Question

Determine the bolt value of 20mm diameter bolt connecting 10mm plate in (1) single shear , bolt used are 4.6 grade , plate of 410 grade . Take area of bolt 245mm²

Answer 1

Answer:

F 4g ft rf fcyvyvcfgggvuhiggguggi

Answer 2

Answer:

The bolt value is $45.26 \mathrm{kN}$.

Step-by-step explanation:

GIVEN-

The diameter of the given bolt, $\mathrm{d}=20 \mathrm{~mm}$

The diameter of the hole, $\mathrm{d}_{0}=20+2=22 \mathrm{~mm}$

For bolts of grade 4.6: fub $=4 \times 100=400 \mathrm{MPa}$, fyb $=0.6 \times 400=240 \mathrm{Mpa}$

The thickness of the connecting plate $=10 \mathrm{~mm}$

For Fe 410 grade of steel: fu $= 410 \mathrm{MPa}$

TO FIND-

Strength of the Bolt (Bolt Value).

Note: Bolt value is the smallest of the Design Shear strength of the Bolts and Design Bearing Strength of the Bolt.

The bolts will be in single shear.

The Design Shear strength of bolt:

$\mathbf{V}_{\mathbf{d s b}} V_{s b}=\frac{f_{u}}{\sqrt{3}}\left(n_{n} A_{n b}+n_{s} A_{s b}\right) / \gamma_{m b}$

Here, $n_{n}=1$ and $n_{s}=0$ (Single Shear assuming shear plane to be in threaded portion).
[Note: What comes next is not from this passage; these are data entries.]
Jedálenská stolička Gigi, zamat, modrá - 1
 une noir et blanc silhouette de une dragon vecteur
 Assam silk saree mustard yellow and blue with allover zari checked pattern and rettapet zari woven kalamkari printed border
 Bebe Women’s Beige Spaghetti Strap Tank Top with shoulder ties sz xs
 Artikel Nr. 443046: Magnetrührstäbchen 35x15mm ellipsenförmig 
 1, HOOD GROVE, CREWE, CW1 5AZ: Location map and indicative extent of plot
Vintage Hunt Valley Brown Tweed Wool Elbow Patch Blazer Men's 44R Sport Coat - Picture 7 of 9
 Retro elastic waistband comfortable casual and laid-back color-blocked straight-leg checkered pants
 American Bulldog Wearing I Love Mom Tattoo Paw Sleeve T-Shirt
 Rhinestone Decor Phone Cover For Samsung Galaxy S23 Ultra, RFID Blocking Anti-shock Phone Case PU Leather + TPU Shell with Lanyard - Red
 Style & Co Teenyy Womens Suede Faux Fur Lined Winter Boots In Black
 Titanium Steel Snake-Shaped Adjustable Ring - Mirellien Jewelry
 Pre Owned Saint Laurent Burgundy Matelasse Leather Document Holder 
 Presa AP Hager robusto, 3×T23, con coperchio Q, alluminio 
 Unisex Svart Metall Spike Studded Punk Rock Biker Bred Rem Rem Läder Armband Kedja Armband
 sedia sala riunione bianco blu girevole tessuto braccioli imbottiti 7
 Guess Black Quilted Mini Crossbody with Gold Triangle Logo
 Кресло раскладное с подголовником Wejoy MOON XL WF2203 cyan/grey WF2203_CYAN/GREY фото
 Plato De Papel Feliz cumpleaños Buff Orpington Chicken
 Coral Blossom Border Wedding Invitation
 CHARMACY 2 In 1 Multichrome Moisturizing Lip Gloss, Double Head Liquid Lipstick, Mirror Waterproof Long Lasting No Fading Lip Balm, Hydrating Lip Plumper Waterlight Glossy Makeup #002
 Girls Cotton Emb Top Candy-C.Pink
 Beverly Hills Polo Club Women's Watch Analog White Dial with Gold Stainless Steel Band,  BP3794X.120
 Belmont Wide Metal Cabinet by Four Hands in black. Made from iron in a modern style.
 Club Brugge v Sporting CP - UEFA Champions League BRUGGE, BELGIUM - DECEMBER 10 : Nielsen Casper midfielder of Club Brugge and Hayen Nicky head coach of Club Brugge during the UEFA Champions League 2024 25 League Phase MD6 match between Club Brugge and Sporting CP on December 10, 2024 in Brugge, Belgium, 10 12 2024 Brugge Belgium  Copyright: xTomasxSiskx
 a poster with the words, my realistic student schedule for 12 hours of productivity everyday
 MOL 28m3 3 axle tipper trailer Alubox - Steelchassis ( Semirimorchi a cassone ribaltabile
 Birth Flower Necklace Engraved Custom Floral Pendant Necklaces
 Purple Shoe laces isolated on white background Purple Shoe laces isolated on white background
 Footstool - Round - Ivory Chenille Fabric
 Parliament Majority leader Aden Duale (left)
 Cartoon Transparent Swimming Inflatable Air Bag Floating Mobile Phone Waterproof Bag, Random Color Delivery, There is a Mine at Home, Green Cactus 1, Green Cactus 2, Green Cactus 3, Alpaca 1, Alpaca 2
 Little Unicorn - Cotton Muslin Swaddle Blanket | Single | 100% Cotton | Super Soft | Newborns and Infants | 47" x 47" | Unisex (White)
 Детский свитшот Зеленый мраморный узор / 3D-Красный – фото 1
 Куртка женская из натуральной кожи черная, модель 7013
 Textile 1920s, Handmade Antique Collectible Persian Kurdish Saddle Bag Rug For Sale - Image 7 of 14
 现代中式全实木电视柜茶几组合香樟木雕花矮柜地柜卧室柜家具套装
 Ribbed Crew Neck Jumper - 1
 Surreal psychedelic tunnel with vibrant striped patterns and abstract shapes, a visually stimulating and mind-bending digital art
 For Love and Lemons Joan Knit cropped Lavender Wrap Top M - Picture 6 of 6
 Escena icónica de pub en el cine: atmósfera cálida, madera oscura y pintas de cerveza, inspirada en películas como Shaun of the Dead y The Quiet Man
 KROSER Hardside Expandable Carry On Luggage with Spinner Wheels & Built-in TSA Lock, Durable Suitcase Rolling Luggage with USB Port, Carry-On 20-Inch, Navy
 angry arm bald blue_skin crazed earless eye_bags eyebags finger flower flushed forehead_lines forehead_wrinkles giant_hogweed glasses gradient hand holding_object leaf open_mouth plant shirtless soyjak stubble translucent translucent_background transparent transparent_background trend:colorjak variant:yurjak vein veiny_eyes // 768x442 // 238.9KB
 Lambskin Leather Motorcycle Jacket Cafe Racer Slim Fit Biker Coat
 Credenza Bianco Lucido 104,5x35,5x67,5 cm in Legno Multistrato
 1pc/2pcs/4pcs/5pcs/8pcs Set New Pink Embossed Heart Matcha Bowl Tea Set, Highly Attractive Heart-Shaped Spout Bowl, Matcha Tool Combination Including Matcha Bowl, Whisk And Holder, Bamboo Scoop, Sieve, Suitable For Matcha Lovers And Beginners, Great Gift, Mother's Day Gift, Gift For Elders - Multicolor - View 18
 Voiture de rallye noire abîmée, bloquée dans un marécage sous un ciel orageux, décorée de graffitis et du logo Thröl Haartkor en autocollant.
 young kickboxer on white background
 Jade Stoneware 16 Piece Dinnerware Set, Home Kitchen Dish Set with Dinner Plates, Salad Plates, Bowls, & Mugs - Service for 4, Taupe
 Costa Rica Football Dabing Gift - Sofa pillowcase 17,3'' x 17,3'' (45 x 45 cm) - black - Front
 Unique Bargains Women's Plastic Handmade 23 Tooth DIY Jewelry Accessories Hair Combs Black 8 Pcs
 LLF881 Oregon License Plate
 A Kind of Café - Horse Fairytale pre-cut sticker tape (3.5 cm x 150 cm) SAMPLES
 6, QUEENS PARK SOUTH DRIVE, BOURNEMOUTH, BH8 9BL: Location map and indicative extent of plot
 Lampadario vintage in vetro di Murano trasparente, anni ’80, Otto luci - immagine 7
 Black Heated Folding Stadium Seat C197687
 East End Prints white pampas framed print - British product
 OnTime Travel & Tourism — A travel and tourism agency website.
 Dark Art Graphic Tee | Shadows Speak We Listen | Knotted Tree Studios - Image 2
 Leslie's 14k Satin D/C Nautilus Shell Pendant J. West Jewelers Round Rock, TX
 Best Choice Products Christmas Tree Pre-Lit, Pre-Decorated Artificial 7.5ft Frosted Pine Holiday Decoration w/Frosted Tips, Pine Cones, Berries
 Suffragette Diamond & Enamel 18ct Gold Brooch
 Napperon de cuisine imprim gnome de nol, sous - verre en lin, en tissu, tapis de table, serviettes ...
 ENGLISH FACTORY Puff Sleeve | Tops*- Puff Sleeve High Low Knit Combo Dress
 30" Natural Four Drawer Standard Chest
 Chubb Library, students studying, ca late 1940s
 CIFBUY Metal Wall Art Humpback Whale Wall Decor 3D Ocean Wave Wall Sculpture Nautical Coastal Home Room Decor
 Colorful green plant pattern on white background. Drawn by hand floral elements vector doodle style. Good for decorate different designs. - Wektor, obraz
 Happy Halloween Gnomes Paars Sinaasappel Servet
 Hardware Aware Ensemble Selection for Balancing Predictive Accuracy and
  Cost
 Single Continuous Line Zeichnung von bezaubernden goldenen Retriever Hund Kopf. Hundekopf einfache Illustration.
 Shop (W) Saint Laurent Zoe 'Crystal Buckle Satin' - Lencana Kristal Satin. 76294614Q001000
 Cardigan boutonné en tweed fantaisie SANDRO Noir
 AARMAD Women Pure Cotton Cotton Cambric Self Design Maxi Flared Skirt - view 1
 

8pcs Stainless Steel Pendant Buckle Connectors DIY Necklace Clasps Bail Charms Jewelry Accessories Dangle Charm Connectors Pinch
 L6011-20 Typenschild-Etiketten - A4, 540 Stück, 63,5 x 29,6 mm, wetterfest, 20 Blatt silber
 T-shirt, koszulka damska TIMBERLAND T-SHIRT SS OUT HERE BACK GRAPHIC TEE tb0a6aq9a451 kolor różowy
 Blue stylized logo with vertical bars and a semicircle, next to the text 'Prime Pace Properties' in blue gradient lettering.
$\mathrm{A}_{\mathrm{sb}}=\Pi \mathrm{d}^{2} / 4=3.14 \times 20^{2} / 4=314\mathrm{~mm}^{2} \\ \mathrm{~A}_{\mathrm{nh}}=0.78 \mathrm{~A}_{\mathrm{sh}}=0.78 \times 314=245 \mathrm{~mm}^{2}$

$V_{d s b}=A_{n b} \frac{f_{u b}}{\sqrt{3} \gamma_{m b}}=245 \times \frac{400}{\sqrt{3} \times 1.25} \times 10^{-3}=45.26 \mathrm{kN}$

Therefore, the bolt value is $45.26 \mathrm{kN}$.